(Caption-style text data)
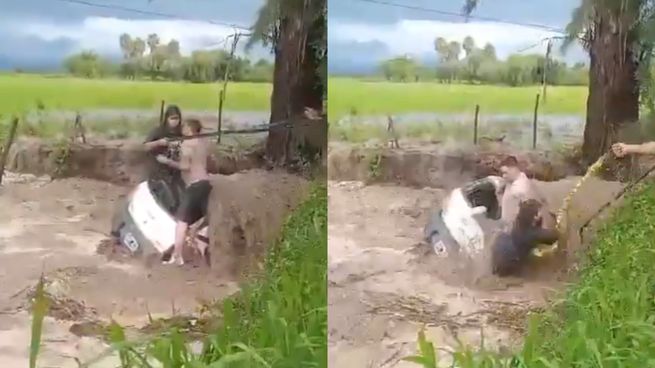 Vecinos asistieron a una pareja de turistas bonaerenses cuyo auto cayó a un canal desbordado en medio del fuerte temporal en Salta.
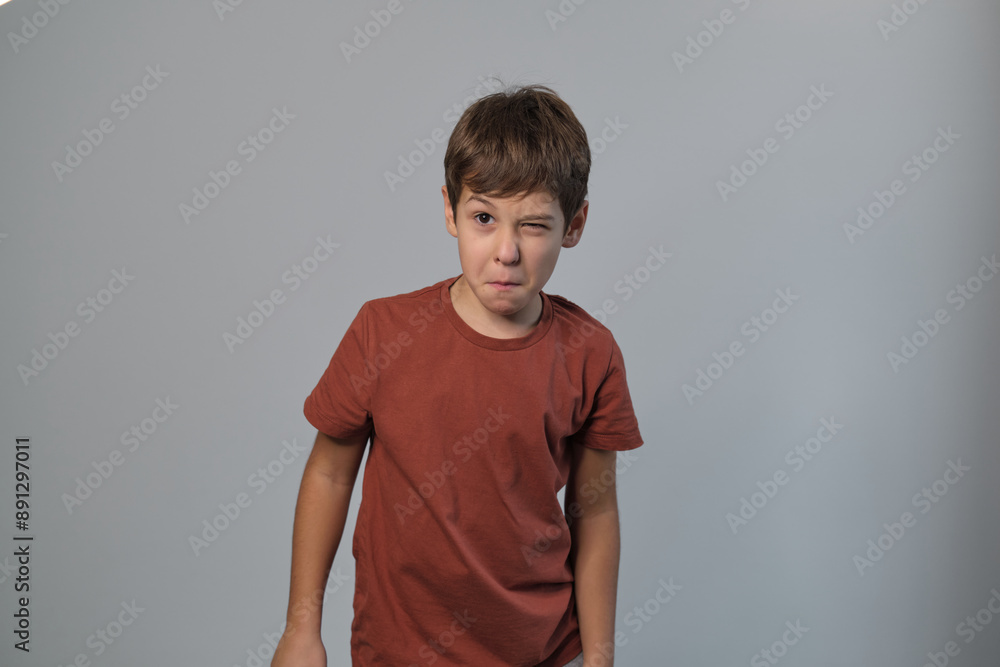 A frustrated young boy with attitude is positioned in front of a plain gray backdrop A frustrated young boy with attitude is positioned in front of a plain gray backdrop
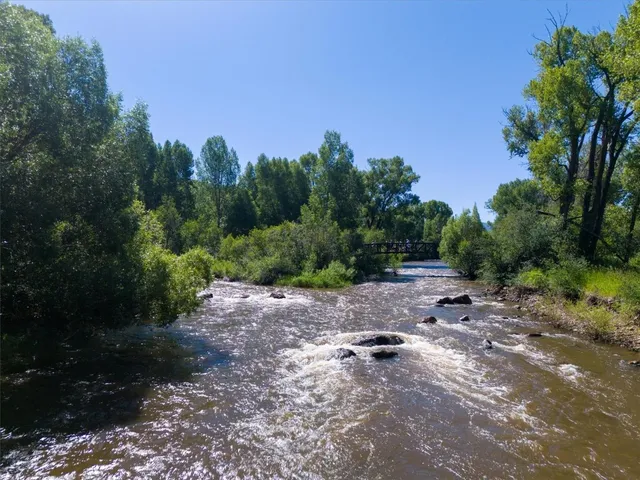 a view of a street with a yard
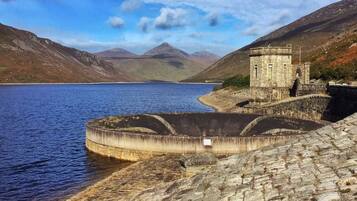 A stone dam with a small tower, a calm lake, and mountains in the background.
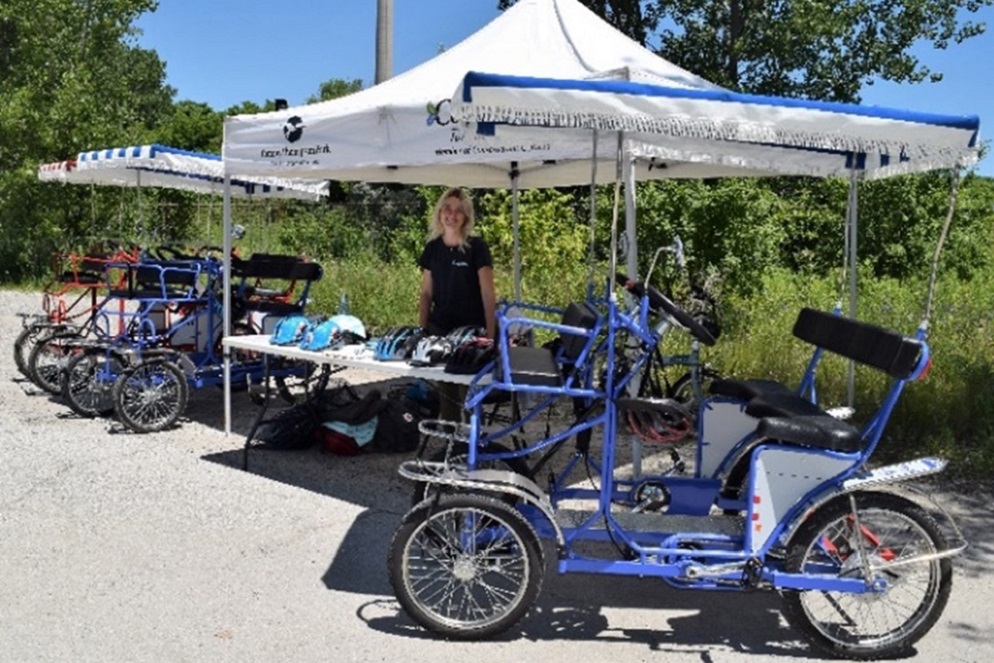 TRCA staff member at quadcycle rental booth at Tommy Thompson Park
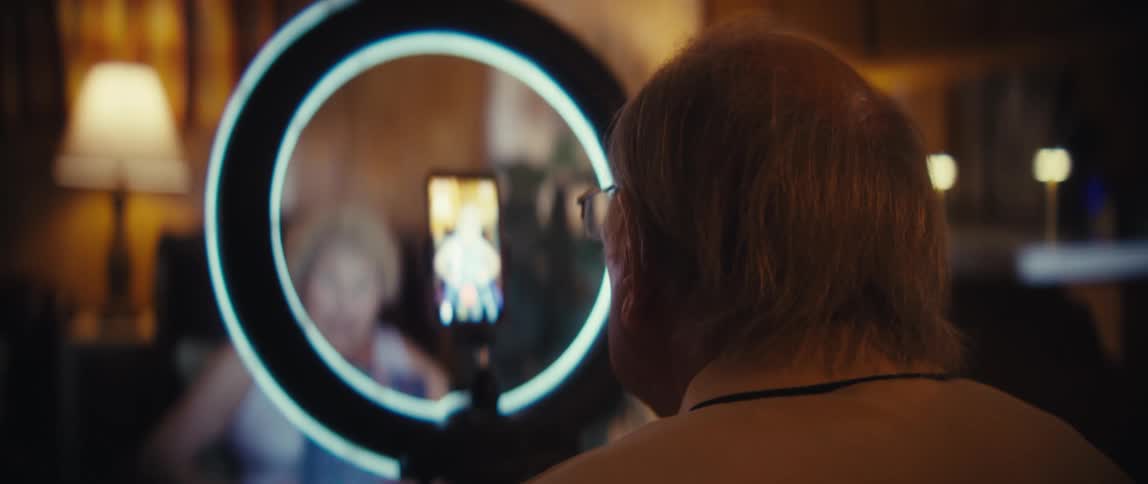 Grayhaired person films elderly woman lit by ring light in cozy room with wooden walls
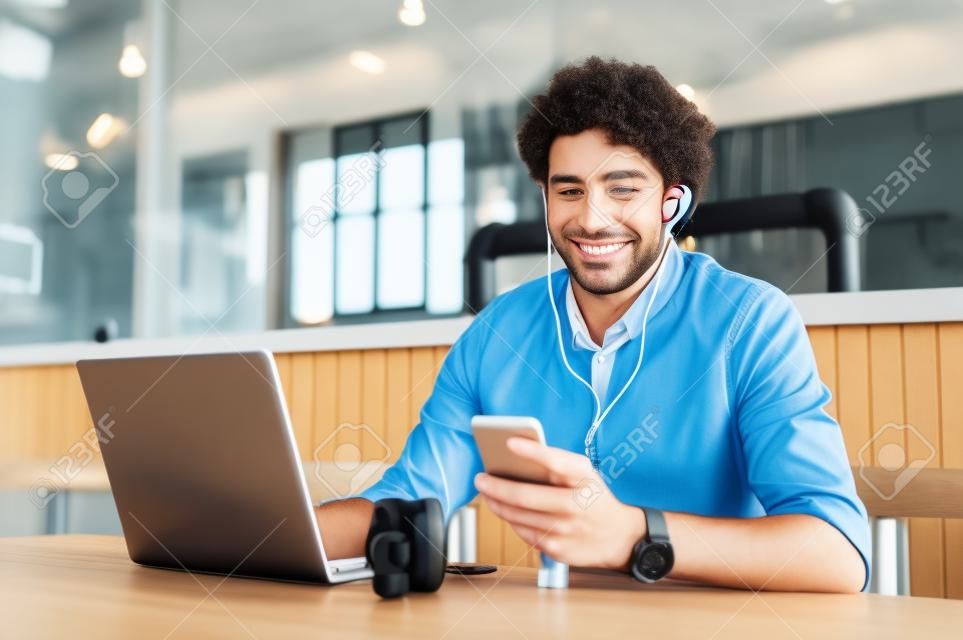 Portrait d'homme d'affaires utilisant un smartphone avec écouteurs et ordinateur portable pour une conférence d'affaires. Joyeux homme d'affaires souriant assis au restaurant en écoutant de la musique. Heureux homme bénéficiant d'une connexion Internet sans fil gratuite au café.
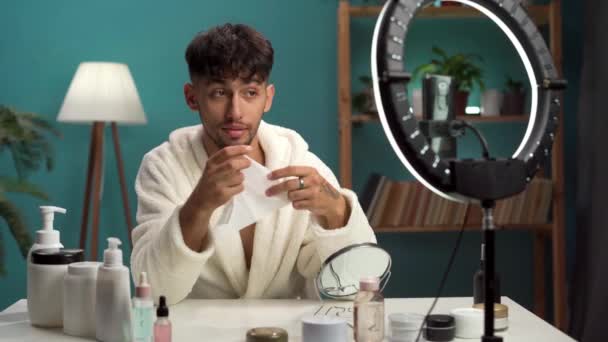 Male beauty blogger in a bathrobe running a blog about beauty and skin care records lessons in a live broadcast for social networks. Copy space - Footage, Video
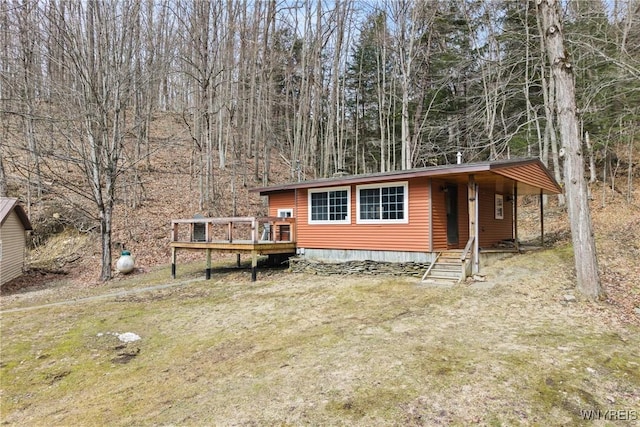 view of front of home featuring a front lawn and a wooden deck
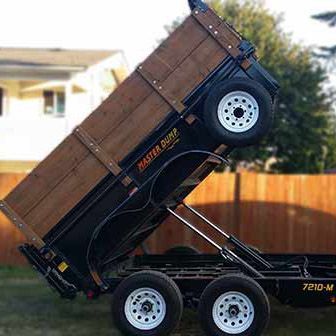 A dump truck with a wooden bed is parked in front of a wooden fence.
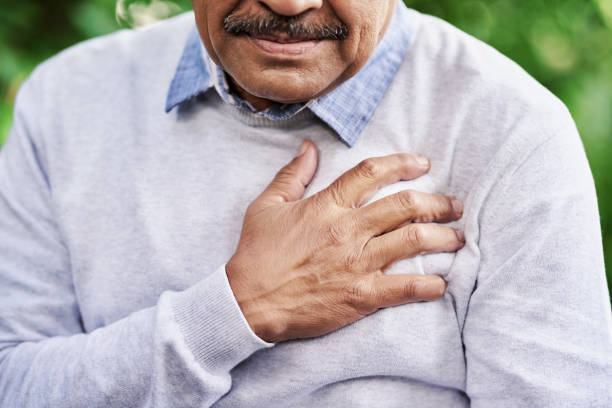 Your health risks increase with age Closeup shot of a mature man holding his chest in discomfort outdoors chest pain stock pictures, royalty-free photos & images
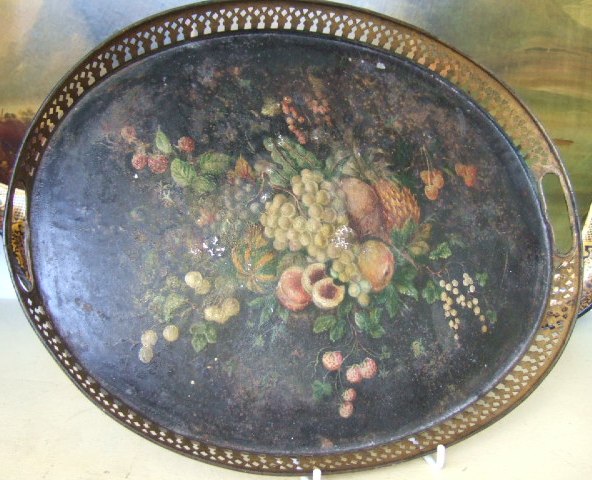 Appraisal: A tole-ware two handled tray th century of oval form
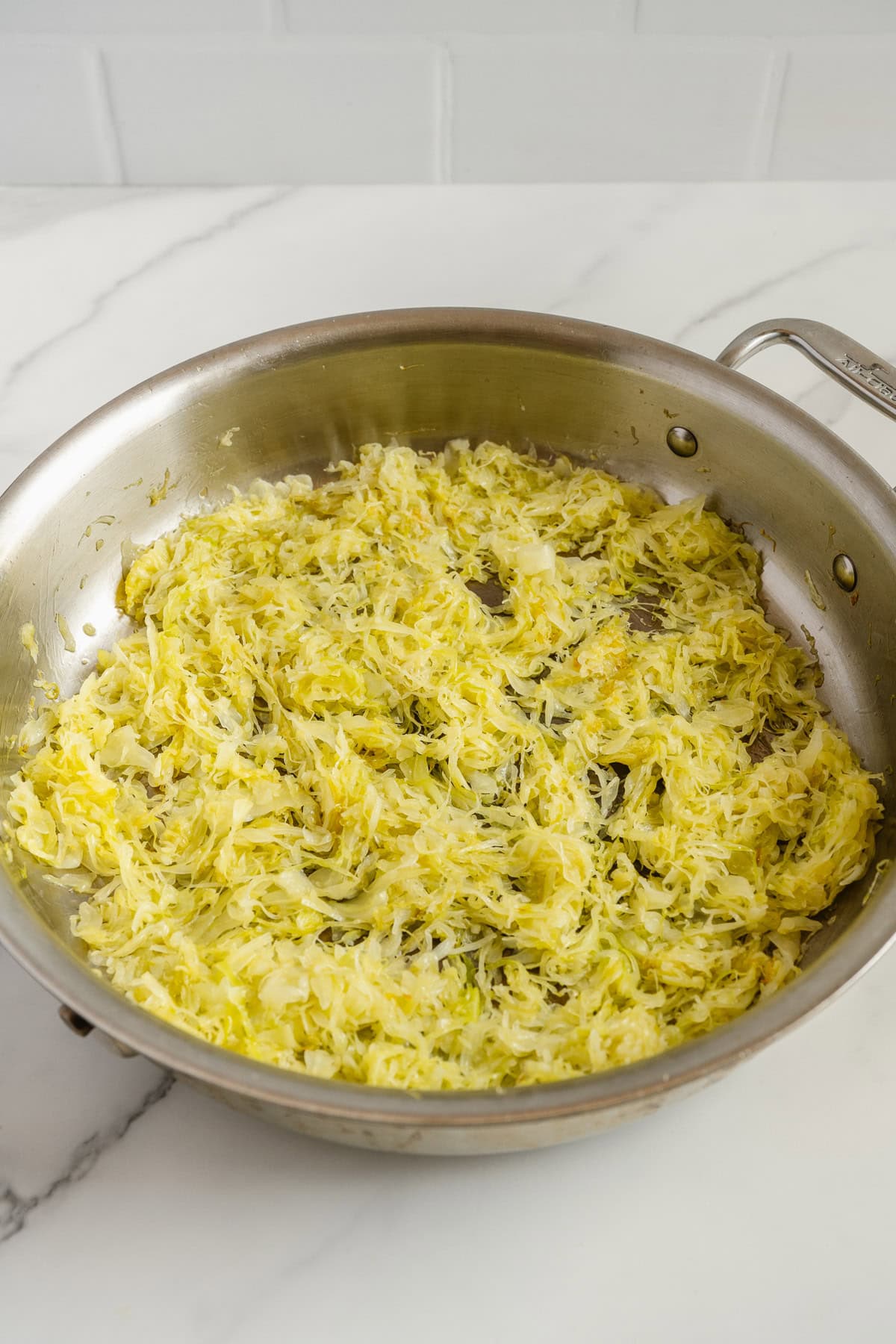 Shredded sautéed cabbage in a stainless steel skillet sits on a white marble countertop, with light browning visible and a tiled white backsplash in the background.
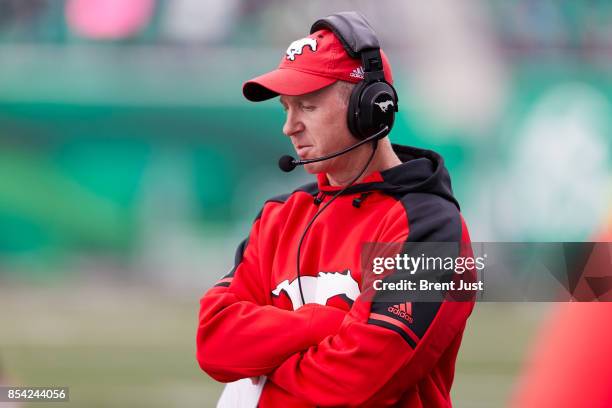 Head coach Dave Dickenson of the Calgary Stampeders on the sideline during the game between the Calgary Stampeders and Saskatchewan Roughriders at...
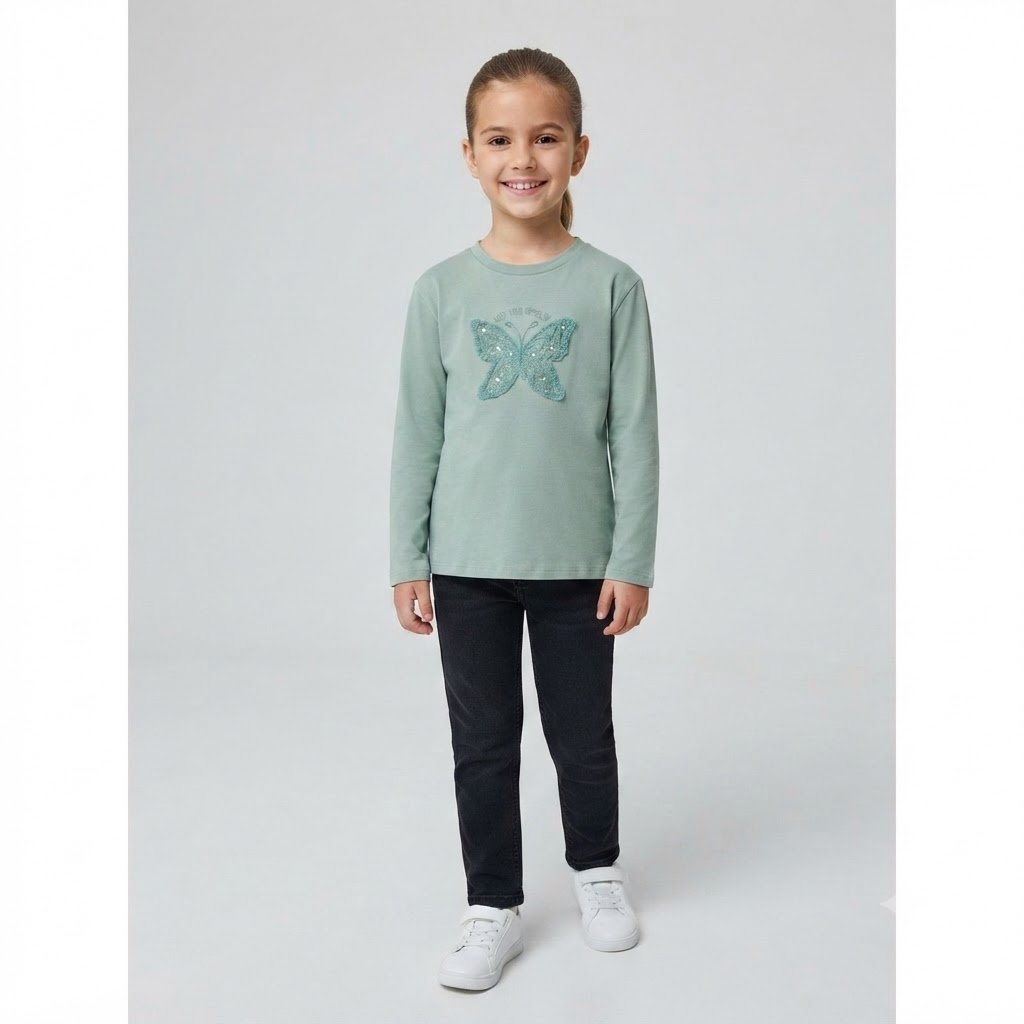 e34779c1-08b7-4778-9082-0fd297501875 - Da-Da Kids Smiling girl in a mint-green long-sleeve shirt with a glitter butterfly graphic, dark jeans, and white sneakers, standing in a neutral studio.
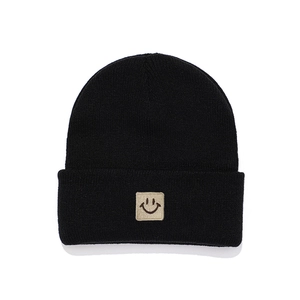 Close-up of a black knitted beanie featuring a beige square patch with a smiley face icon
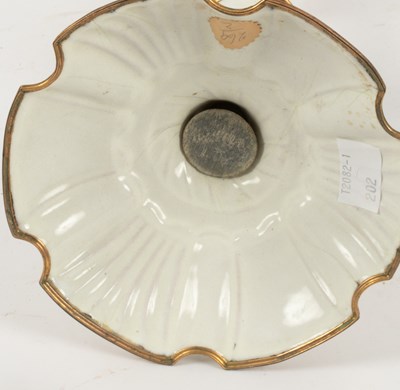 Lot 91 - A pair of South Staffordshire white enamel candlesticks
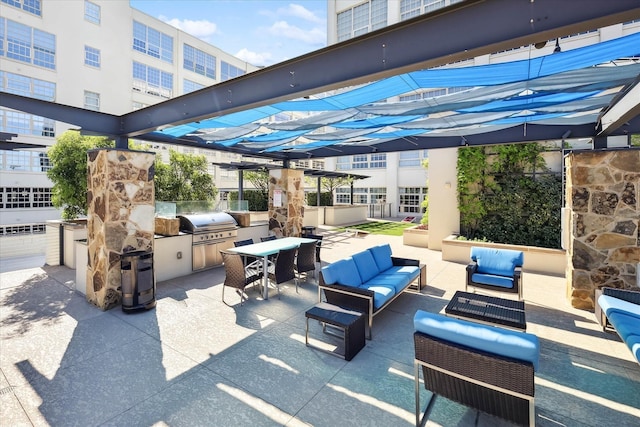 view of patio featuring outdoor lounge area, a pergola, a grill, and exterior kitchen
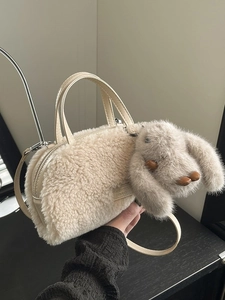 Winter plush crossbody bag in cream faux fur with long-eared rabbit charm and shoulder strap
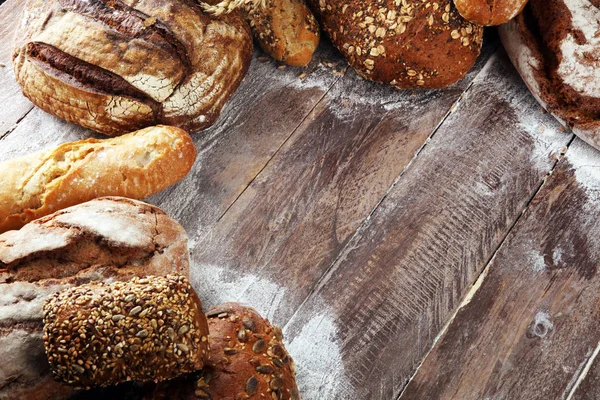 Different kinds of bread and bread rolls on board from above. Ki — Stock Photo, Image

**Task description**
All of the entries need to be retyped word for word, pictures excluded.

**Completed task**
 Vecinos asistieron a una pareja de turistas bonaerenses cuyo auto cayó a un canal desbordado en medio del fuerte temporal en Salta.
 A frustrated young boy with attitude is positioned in front of a plain gray backdrop A frustrated young boy with attitude is positioned in front of a plain gray backdrop
 a view of a street with a yard
 A stone dam with a small tower, a calm lake, and mountains in the background.
 TRCA staff member at quadcycle rental booth at Tommy Thompson Park
 Grayhaired person films elderly woman lit by ring light in cozy room with wooden walls
 Portrait d'homme d'affaires utilisant un smartphone avec écouteurs et ordinateur portable pour une conférence d'affaires. Joyeux homme d'affaires souriant assis au restaurant en écoutant de la musique. Heureux homme bénéficiant d'une connexion Internet sans fil gratuite au café.
 Male beauty blogger in a bathrobe running a blog about beauty and skin care records lessons in a live broadcast for social networks. Copy space - Footage, Video
 view of front of home featuring a front lawn and a wooden deck
 A dump truck with a wooden bed is parked in front of a wooden fence.
 Your health risks increase with age Closeup shot of a mature man holding his chest in discomfort outdoors chest pain stock pictures, royalty-free photos & images
 Appraisal: A tole-ware two handled tray th century of oval form
 Shredded sautéed cabbage in a stainless steel skillet sits on a white marble countertop, with light browning visible and a tiled white backsplash in the background.
 Head coach Dave Dickenson of the Calgary Stampeders on the sideline during the game between the Calgary Stampeders and Saskatchewan Roughriders at...
 e34779c1-08b7-4778-9082-0fd297501875 - Da-Da Kids Smiling girl in a mint-green long-sleeve shirt with a glitter butterfly graphic, dark jeans, and white sneakers, standing in a neutral studio.
 Close-up of a black knitted beanie featuring a beige square patch with a smiley face icon
 Lot 91 - A pair of South Staffordshire white enamel candlesticks
 view of patio featuring outdoor lounge area, a pergola, a grill, and exterior kitchen
 Winter plush crossbody bag in cream faux fur with long-eared rabbit charm and shoulder strap
 Different kinds of bread and bread rolls on board from above. Ki — Stock Photo, Image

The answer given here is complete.